WHAT YOU ARE ASKED TO DO:
Leave the pictures out, and repeat exactly each line from the one that holds "El niño del" through the final line of the entries below.

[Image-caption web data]
═══

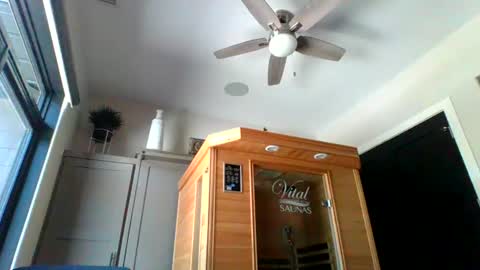 Snapshot of dinger524678 chatting on June 19, 2026, 6:45 pm dinger524678 online show from June 19, 2026, 6:45 pm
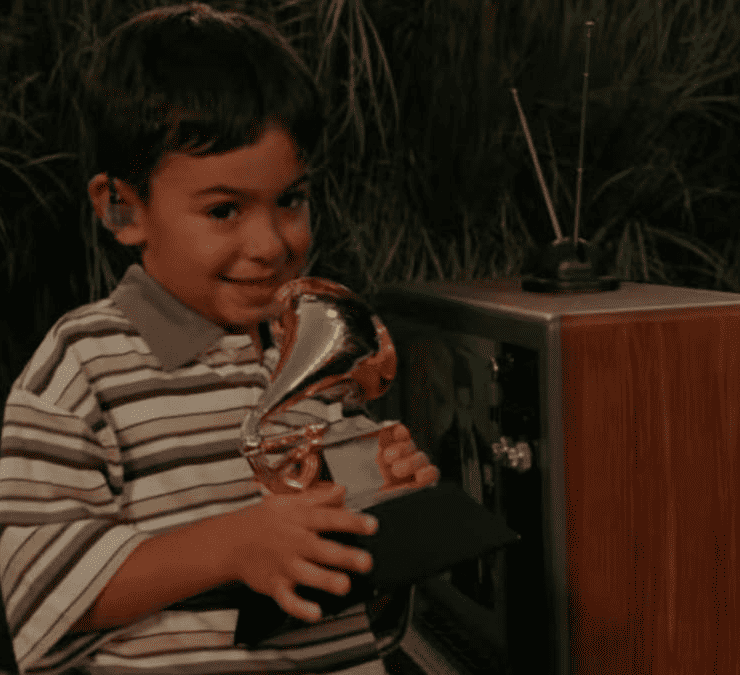 El niño del Grammy de Bad Bunny en el Super Bowl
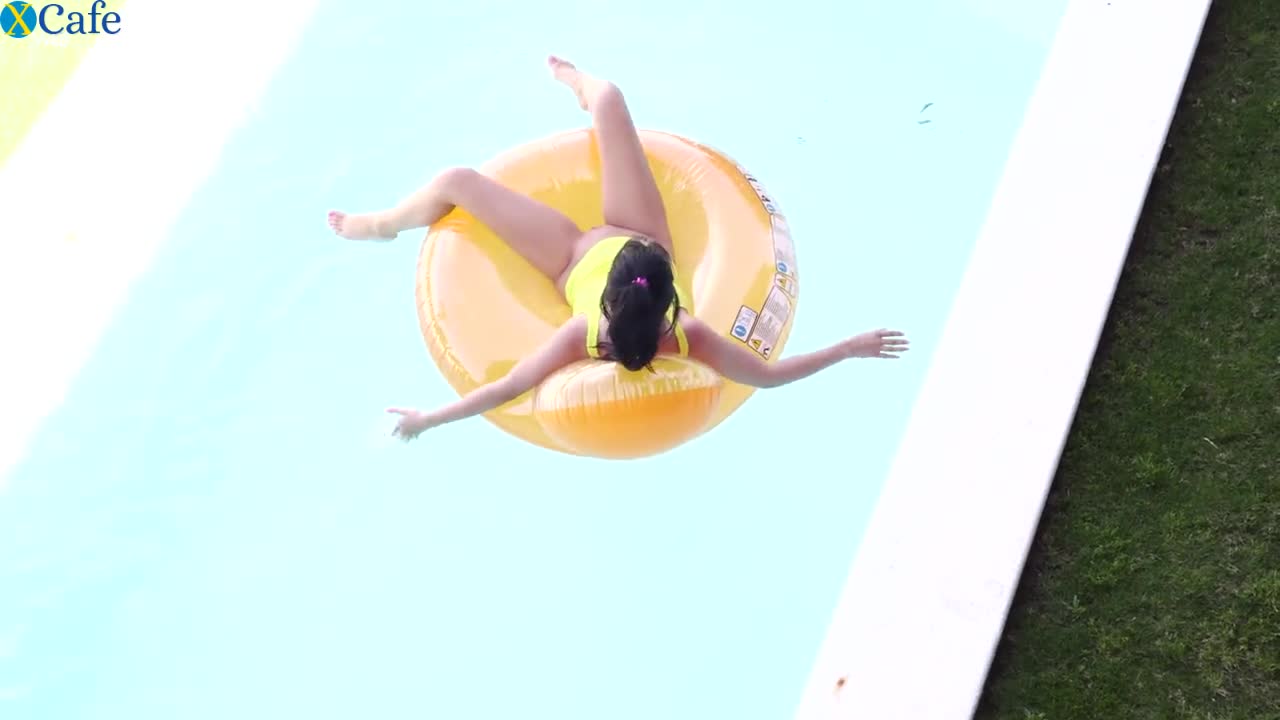 Watch Beautiful natural girl Lady Dee rubs her big clit by the swimming pool Free Porn Videos | ePornRest.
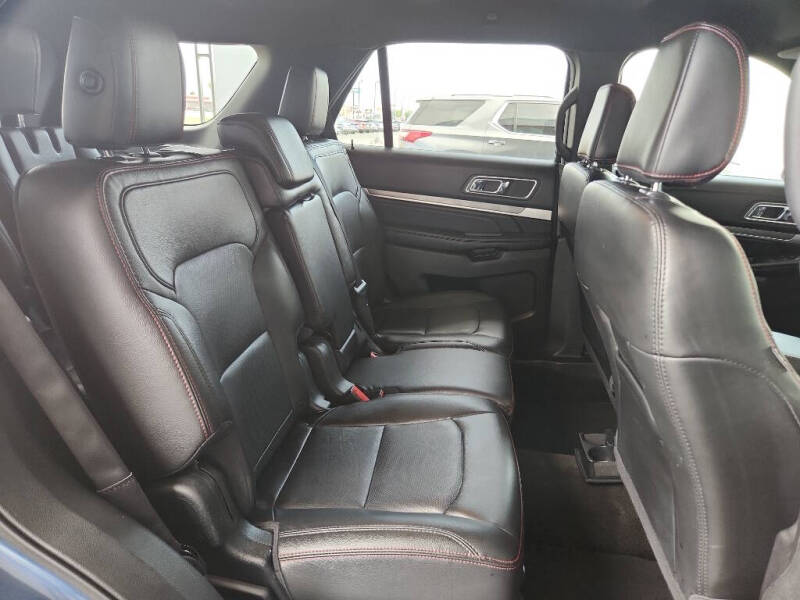 2018 Ford Explorer Sport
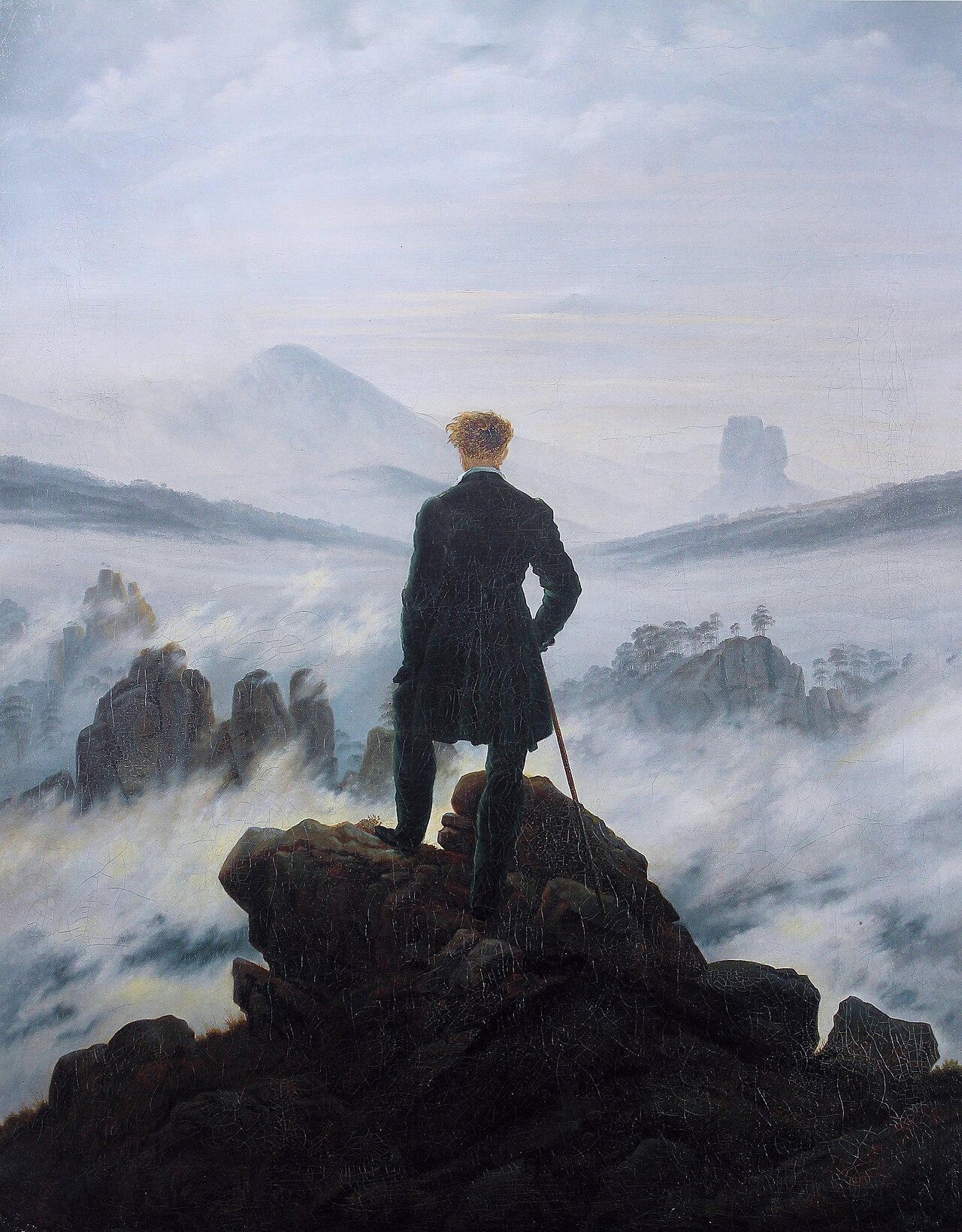 Paisaje entre la niebla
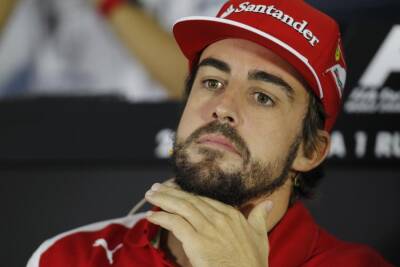 Алонсо попал в аварию в квалификации Гран-при Австралии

═══

WRITTEN RESPONSE:
 El niño del Grammy de Bad Bunny en el Super Bowl
 Watch Beautiful natural girl Lady Dee rubs her big clit by the swimming pool Free Porn Videos | ePornRest.
 2018 Ford Explorer Sport
 Paisaje entre la niebla
 Алонсо попал в аварию в квалификации Гран-при Австралии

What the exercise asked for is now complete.